# starting and growing cypress trees



## wimperk (Nov 19, 2001)

QUESTION - BALDCYPRESS... I've collected about 100 seed pods/cones from a huge baldcypress tree on our property. I'm letting them dry out in the garage. I want to plant and grow them to help with getting "green-belt/agriculture" status for our property, but don't know the best method... or timing.

Need guidance!


----------



## Jay Banks (Nov 26, 2001)

Baldcypress need about 90 days of cold (winter) weather to germinate. You can either place them in the refrig over the winter for sowing in the spring or pot them up in and place the pots in the ground with a mulch covering the seeds.
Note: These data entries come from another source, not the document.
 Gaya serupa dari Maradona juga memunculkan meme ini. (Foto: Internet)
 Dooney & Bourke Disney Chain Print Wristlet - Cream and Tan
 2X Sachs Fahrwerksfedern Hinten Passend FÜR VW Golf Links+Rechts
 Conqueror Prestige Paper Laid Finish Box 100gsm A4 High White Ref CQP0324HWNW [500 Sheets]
A propagation bed should have afternoon shade, watering source, and be away from large tree roots.


----------



## wimperk (Nov 26, 2001)

*Baldcypress guidance*

Thanks a bunch! Since we live in Florida, we'll most likely place them in the fridge... We weren't sure whether we could simulate wetlands in a pot... so we plan to sow them in designated wetland areas on our property - near a run-off from our pond. We thought we'd shove coffee cans almost all the way into the ground (both ends cut out) and plant the seeds inside - to help us keep track of where we cultivated them.

I'm excited about this idea... I don't particularly like pine trees, and we wanted to get ag-rating for our taxes another way. Hopefully this will do it.
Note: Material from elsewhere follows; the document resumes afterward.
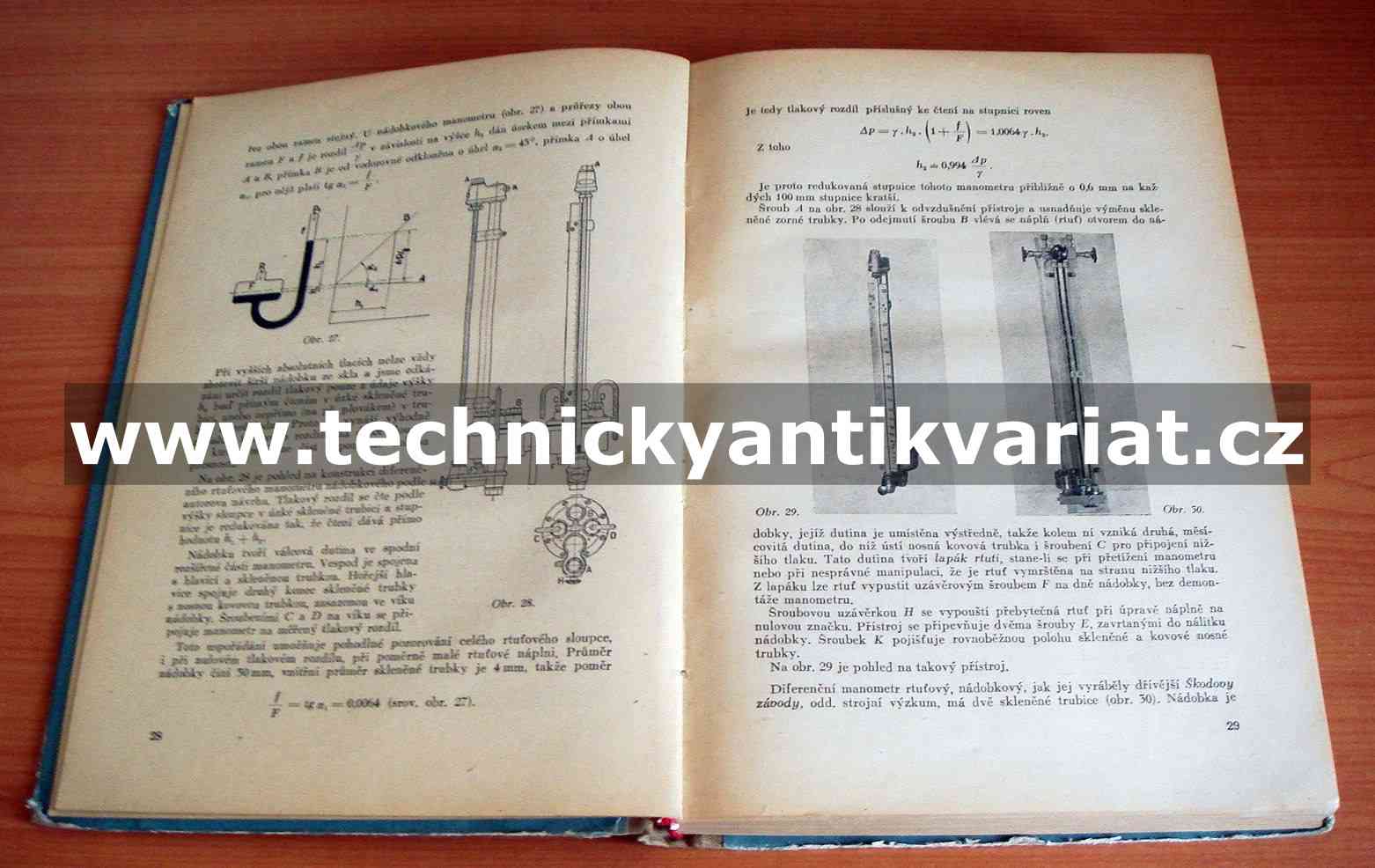 Technická měření ve strojírenství - tlak, teplota, teplota vlhkost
We are also looking into cultivating Tulip Poplars (they grow all over our 17 acres) and Catalpa (southerners pronounce this Catawba) trees - these are also all over our property. Fisherman would pay money (we think) to buy Catalpa trees for the caterpillars that feed on the leaves - and are good bait.

Any insights on those two trees? 

Thanks already for your help and reply!

Karen


----------